In its ground state the electron is in the n= 1 energy level and it is completely removed from the atom when it is ionized.

These three rules/principles are mentioned on the syllabus but do not need full explanations. Essentially Hund's rule states that electrons fill orbitals singly before pairing up and Pauli's exclusion principles limits the number of electrons in each orbital to two, each having opposite spins. The aufbau principle states that lower energy levels and sub-levels are filled first.

Lines are produced in the emission spectra when electrons emit photons as they fall from higher to lower energy levels. The visible region is due to electrons falling from higher levels to the n=2 level. 

Each electron is defined by four different quantum numbers. The principle quantum number n describes the main energy levels.

There are three sub-levels, 3s, 3p and 3d. The s sub-level has 1 orbital, the p sub-level 3 orbitals and the d sub-level 5 orbitals giving a total of 9. 

Bromine (Z = 35) has 35 electrons. [Ar] has 18 electrons, two electrons in the 4s, ten in the 3d and the remaining five in the 4p sub-level.

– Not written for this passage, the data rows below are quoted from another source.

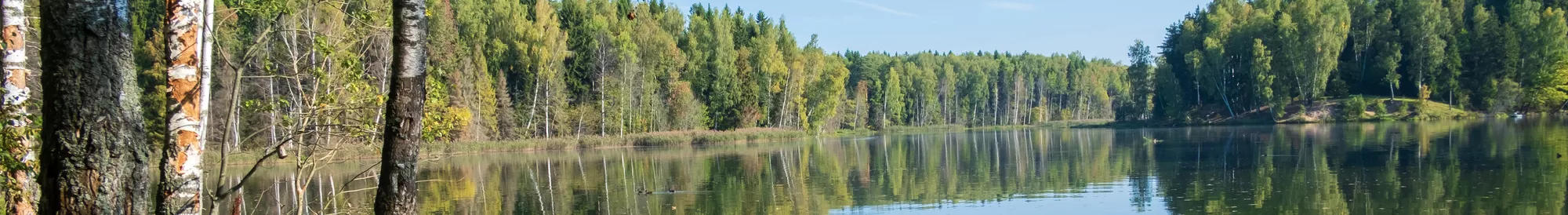 Vakantiehuizen Eringsboda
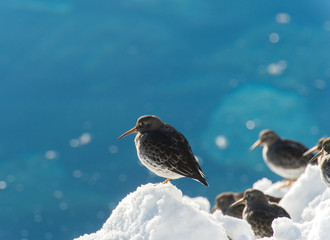 Purple Sandpiper . On the coast of Norway 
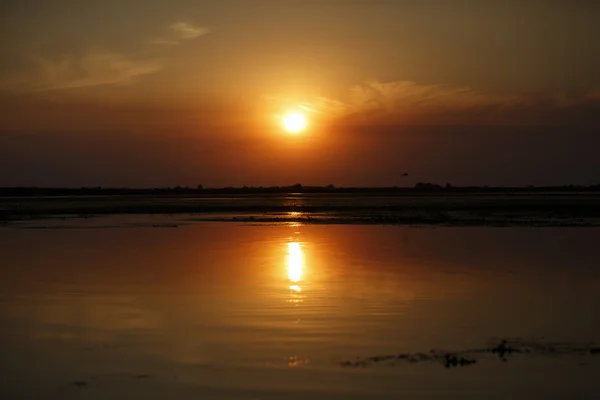 Hermoso atardecer en el Delta del Danubio — Foto de Stock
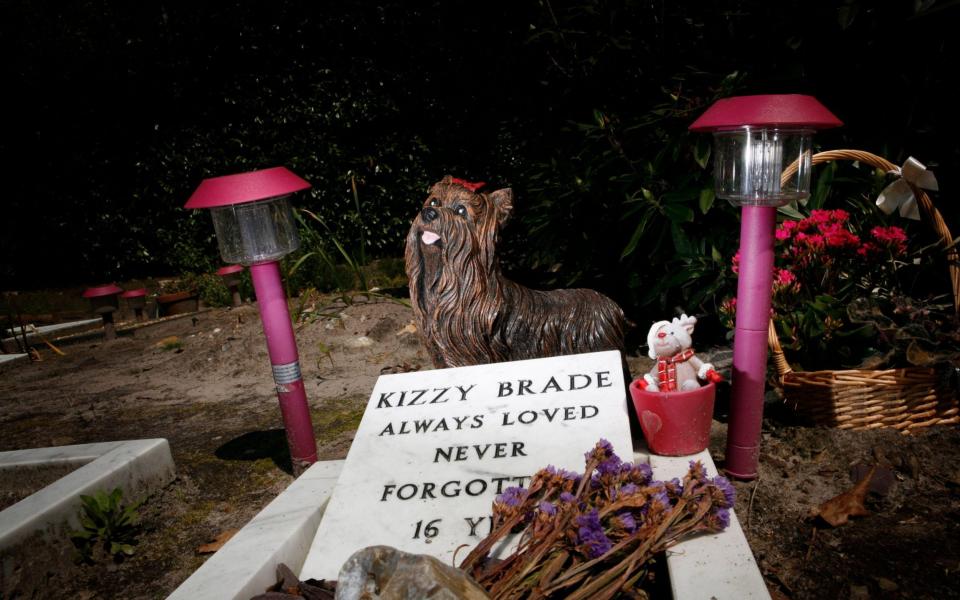 The grave of a 'family member' at Silvermere Haven pet cemetery in Cobham, Surrey - Alamy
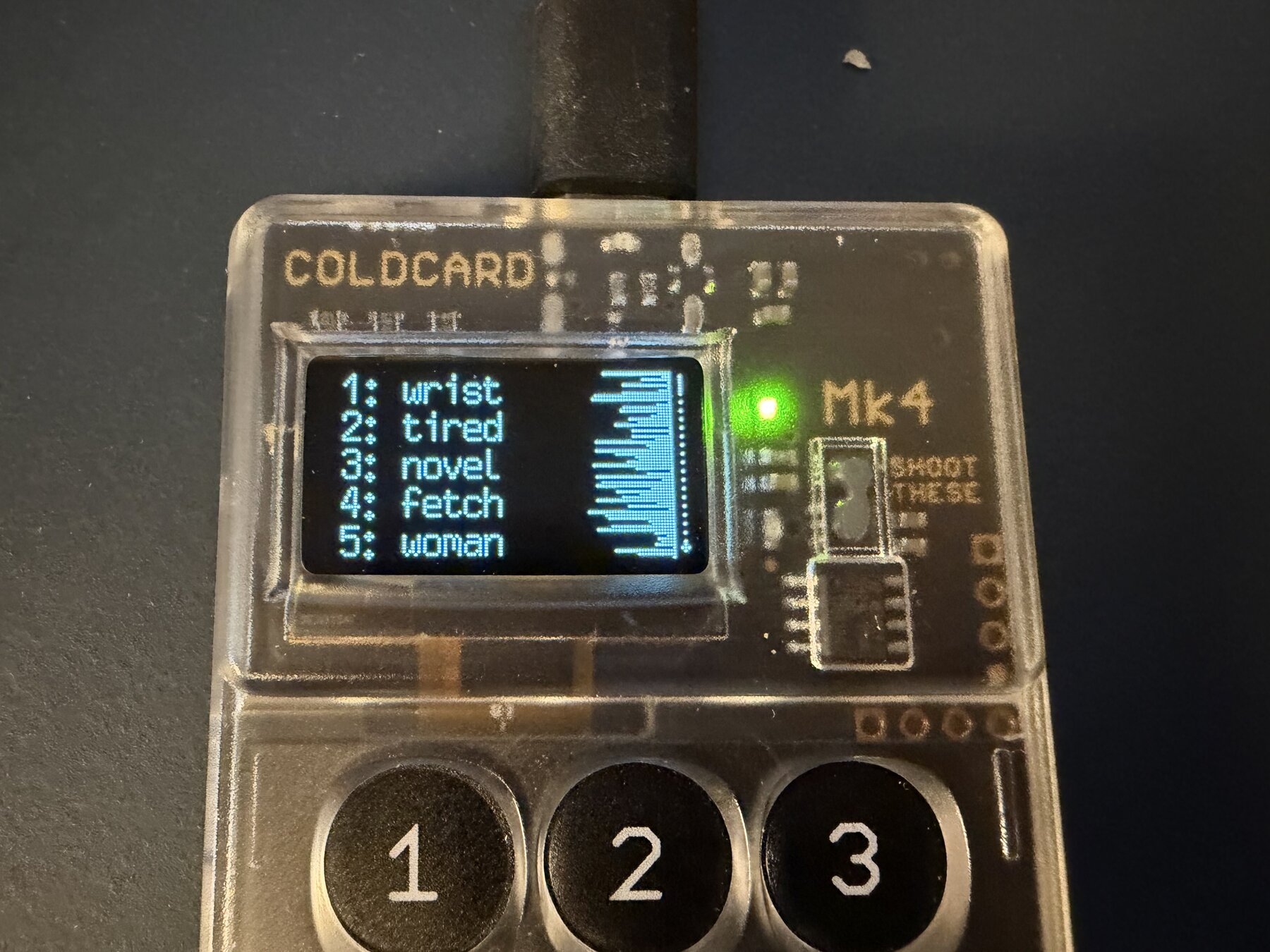 Coldcard MK4 running affected firmware 5.4.5 showing public test seed words 1 through 5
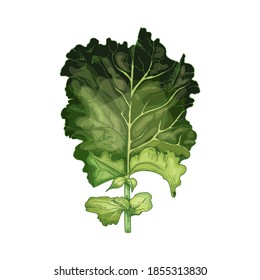 Kale. Ilustración vintage de color vectorial aislada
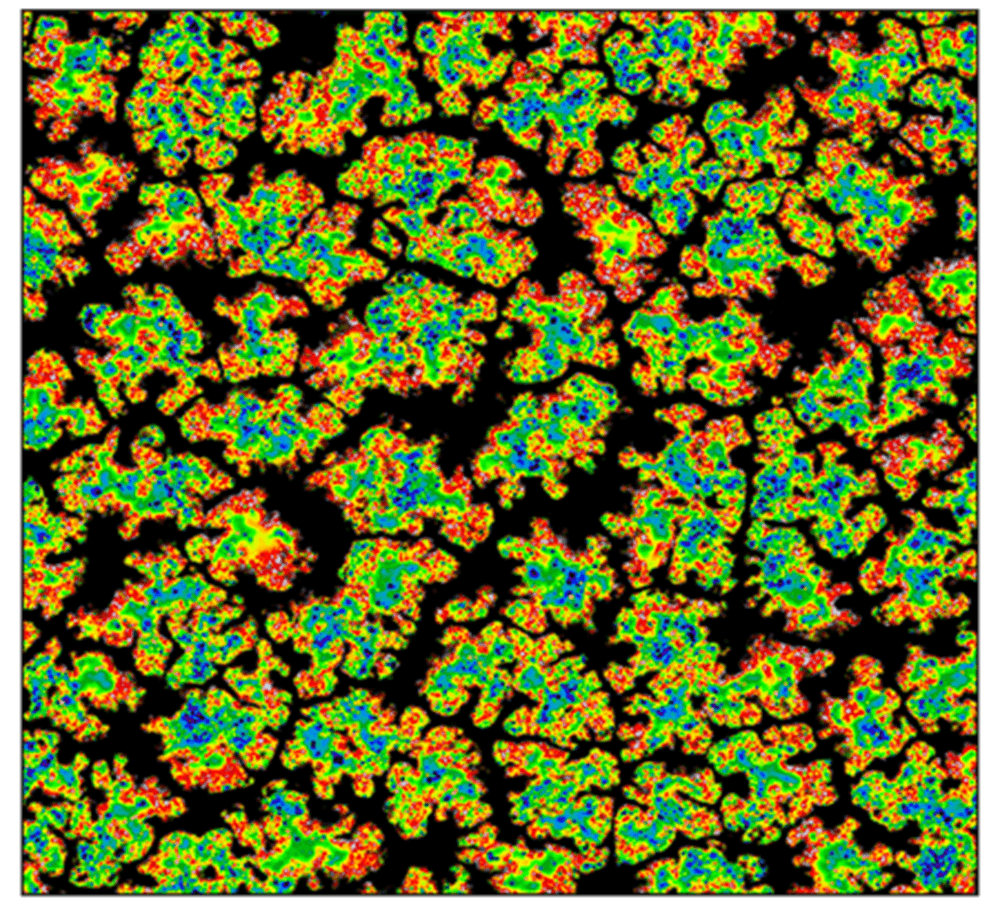 High-Resolution Raman Mapping Uncovers BiVO<sub>4</sub> Heterogeneity: A Key to Boosting Solar Fuel Efficiency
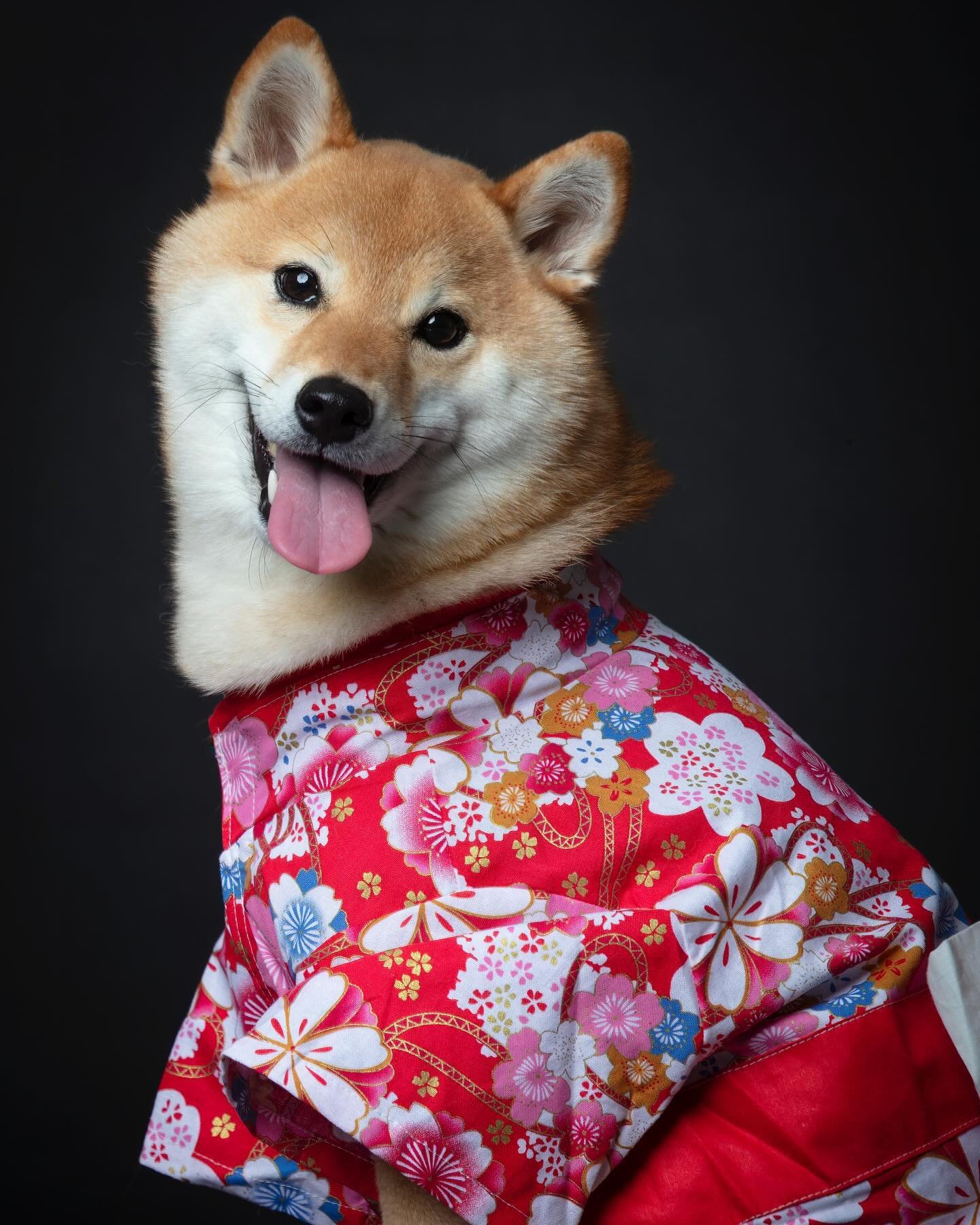 Mochi looking fabulous ❤️ 🇯🇵 @sarasmochi #irvine #irvinedogs #orangecounty #ocdogs #dog #dogsofinstagram #dogoftheday #dogsofhollywood #petlovers #petphotography #pawsweetpaw @pawsweetpaw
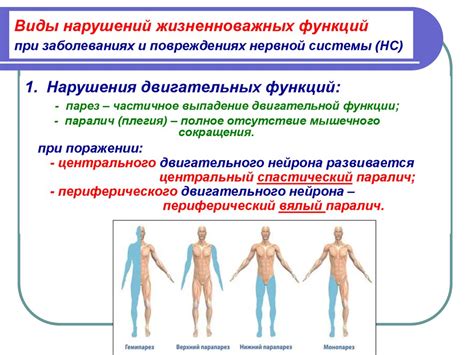 Физическая составляющая нервной системы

Electrons pair up with opposite spins in full orbitals and occupy degenerate (equal energy) orbitals in the same sub-level singly first, all spinning the same way, before pairing up (Hund's rule).

Normally the 4s fills completely before the d sub-level fills but Cr and Cu are exceptions.

The three 2p orbitals are of equal energy lying along the three mutually orthogonal axes.

The electron configuration of Fe (Z = 26) is [Ar]4s²3d⁶. When it loses 3 electrons to form Fe³⁺ it loses both 4s electrons and one of the 3d electrons so the electron configuration of Fe³⁺ is [Ar]3d⁵. The five d orbitals will each contain one electron, all of them spinning in the same direction according to Hund's rule.